The mapping could produce flooding forecasts that influence future evacuation plans and building designs, preventing loss of life and property damage in Japan and in other areas of the world susceptible to tsunamis, a Georgia Tech release said Thursday.
"The ultimate goal is to save lives," researcher Hermann Fritz said. "In order to do so, we have to have a better understanding of what worked and didn't work."
The researchers surveyed the impact of the tsunami on a fishing town in Kesennuma Bay, where 1,500 people died.

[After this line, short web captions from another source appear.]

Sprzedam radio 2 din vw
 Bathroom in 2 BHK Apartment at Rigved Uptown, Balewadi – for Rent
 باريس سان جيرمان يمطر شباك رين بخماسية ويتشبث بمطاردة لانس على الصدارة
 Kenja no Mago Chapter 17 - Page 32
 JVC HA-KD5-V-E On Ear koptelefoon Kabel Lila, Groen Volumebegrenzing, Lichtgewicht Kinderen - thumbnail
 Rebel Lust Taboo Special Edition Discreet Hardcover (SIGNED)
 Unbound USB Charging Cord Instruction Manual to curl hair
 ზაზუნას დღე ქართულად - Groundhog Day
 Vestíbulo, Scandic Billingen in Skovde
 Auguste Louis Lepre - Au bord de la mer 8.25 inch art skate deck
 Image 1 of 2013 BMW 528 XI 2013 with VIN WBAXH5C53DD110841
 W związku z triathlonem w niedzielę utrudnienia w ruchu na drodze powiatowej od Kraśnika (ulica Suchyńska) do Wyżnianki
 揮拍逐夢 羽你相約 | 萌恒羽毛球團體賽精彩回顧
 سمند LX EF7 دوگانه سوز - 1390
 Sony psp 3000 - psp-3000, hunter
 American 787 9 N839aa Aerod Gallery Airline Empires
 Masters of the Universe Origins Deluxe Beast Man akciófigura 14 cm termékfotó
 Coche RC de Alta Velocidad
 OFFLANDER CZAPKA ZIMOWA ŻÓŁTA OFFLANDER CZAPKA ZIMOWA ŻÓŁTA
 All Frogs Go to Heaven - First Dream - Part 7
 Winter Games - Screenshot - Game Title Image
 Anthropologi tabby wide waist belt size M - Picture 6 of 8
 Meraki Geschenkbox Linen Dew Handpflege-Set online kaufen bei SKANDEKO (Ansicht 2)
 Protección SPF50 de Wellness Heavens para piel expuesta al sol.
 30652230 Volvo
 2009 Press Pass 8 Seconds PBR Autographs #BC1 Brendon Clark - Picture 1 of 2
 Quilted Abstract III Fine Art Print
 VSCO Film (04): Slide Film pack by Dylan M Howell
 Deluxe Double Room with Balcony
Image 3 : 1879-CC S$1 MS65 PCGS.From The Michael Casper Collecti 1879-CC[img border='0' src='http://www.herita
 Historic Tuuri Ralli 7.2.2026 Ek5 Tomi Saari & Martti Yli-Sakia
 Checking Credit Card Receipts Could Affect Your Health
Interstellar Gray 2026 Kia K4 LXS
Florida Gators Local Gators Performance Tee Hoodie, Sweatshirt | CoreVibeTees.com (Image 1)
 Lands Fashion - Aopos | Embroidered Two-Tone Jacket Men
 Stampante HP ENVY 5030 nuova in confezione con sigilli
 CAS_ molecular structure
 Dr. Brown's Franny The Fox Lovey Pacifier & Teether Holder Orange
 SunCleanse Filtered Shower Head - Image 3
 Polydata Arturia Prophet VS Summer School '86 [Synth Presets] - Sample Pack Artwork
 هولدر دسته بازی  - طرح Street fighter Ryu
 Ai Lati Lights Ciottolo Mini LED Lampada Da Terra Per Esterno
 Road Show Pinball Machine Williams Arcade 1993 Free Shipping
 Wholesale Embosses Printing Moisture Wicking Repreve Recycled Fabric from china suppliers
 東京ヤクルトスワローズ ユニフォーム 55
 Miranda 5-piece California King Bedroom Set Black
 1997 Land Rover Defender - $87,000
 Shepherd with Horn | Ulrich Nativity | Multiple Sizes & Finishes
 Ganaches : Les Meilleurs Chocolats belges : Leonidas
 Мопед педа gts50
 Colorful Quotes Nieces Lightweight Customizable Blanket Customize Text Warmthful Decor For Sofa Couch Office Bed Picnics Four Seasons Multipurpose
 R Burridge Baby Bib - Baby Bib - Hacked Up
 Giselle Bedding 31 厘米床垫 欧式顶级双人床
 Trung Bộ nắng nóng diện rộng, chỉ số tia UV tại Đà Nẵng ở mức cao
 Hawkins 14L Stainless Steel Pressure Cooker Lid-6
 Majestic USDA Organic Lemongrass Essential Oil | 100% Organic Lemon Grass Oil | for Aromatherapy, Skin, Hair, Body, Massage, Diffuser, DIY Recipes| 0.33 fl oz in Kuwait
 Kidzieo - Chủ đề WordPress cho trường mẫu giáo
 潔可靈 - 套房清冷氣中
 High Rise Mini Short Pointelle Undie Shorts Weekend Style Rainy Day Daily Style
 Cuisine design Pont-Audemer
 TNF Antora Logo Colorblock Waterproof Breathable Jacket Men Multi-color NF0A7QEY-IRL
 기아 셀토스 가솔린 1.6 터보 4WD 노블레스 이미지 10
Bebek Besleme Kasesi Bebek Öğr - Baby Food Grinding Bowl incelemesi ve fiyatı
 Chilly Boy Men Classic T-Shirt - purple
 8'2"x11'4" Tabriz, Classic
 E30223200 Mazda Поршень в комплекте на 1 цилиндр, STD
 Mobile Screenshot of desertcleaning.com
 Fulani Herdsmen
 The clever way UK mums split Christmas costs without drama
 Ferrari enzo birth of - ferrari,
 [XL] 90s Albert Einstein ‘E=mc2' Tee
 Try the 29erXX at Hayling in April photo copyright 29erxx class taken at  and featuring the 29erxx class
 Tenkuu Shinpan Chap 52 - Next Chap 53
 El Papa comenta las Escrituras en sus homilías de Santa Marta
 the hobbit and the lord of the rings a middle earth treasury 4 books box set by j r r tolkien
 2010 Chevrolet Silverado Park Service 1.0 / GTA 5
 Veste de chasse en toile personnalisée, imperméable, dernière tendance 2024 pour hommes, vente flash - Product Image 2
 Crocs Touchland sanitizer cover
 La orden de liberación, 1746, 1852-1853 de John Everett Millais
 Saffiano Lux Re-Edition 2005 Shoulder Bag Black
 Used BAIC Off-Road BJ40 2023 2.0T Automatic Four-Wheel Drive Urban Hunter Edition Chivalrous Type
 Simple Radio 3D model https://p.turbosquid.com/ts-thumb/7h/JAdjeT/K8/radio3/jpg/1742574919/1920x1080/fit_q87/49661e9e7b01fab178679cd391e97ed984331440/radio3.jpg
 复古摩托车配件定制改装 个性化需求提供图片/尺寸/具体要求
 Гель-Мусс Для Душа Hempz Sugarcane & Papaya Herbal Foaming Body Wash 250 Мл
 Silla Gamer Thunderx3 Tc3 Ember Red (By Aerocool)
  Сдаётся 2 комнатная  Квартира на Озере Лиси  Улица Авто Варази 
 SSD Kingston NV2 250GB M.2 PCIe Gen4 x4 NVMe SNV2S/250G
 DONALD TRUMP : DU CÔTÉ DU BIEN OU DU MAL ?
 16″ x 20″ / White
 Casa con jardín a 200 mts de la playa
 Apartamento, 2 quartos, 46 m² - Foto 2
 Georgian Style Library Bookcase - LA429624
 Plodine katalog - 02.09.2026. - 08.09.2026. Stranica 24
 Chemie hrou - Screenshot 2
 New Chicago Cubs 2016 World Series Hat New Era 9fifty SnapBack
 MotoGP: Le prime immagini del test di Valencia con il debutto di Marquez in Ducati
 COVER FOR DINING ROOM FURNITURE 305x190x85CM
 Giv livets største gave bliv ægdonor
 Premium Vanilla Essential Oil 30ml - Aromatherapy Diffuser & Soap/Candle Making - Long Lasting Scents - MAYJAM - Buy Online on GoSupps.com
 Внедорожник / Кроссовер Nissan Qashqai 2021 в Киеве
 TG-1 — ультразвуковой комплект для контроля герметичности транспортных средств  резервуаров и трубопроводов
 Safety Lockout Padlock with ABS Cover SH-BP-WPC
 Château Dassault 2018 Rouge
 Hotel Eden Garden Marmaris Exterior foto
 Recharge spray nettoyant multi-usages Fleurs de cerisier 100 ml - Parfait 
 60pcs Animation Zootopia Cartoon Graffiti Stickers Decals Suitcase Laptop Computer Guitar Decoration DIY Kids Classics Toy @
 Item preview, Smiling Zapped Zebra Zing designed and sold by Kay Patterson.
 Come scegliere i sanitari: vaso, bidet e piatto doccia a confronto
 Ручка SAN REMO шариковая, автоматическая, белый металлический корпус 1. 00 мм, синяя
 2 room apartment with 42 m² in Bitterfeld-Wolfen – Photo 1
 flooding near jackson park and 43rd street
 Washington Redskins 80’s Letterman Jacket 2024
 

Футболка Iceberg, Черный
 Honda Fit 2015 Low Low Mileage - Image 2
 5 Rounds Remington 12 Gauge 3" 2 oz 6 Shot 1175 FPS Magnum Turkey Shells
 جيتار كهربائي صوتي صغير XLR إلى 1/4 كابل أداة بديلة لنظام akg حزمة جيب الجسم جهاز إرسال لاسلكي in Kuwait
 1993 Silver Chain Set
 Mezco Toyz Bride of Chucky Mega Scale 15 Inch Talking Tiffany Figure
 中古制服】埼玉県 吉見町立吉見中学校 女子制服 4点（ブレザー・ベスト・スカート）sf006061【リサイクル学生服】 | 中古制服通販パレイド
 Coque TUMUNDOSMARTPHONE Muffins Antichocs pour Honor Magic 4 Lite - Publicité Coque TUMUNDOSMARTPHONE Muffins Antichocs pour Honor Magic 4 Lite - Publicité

The bay has been hit by historic tsunamis in 1896, 1933, 1960 and 2010, making it the most vulnerable in Japan, and its coastal structures and other mitigation measures were designed based on conservative, historic high-water marks rather than probable maximum tsunamis, they said.
Fritz and his team used lasers to scan the port and bay entrance, creating a three-dimensional, topographic model of the flood zone.
They determined the tsunami reached a maximum height of 30 feet, followed by outflow currents of 36 feet per second less than 10 minutes later, a speed impossible to survive or navigate by vessels, Fritz said.
"What we can learn from the hydrograph is confirmation that the water goes out first, drawing down to more than negative 3 meters (30 feet) on the landward side of the trench, which can make vessels hit ground inside harbors," Fritz said.
"During the subsequent arrival of the main tsunami wave, the water rushing back in changed the water level by 40 feet, engulfing the entire city in 12 minutes," he said.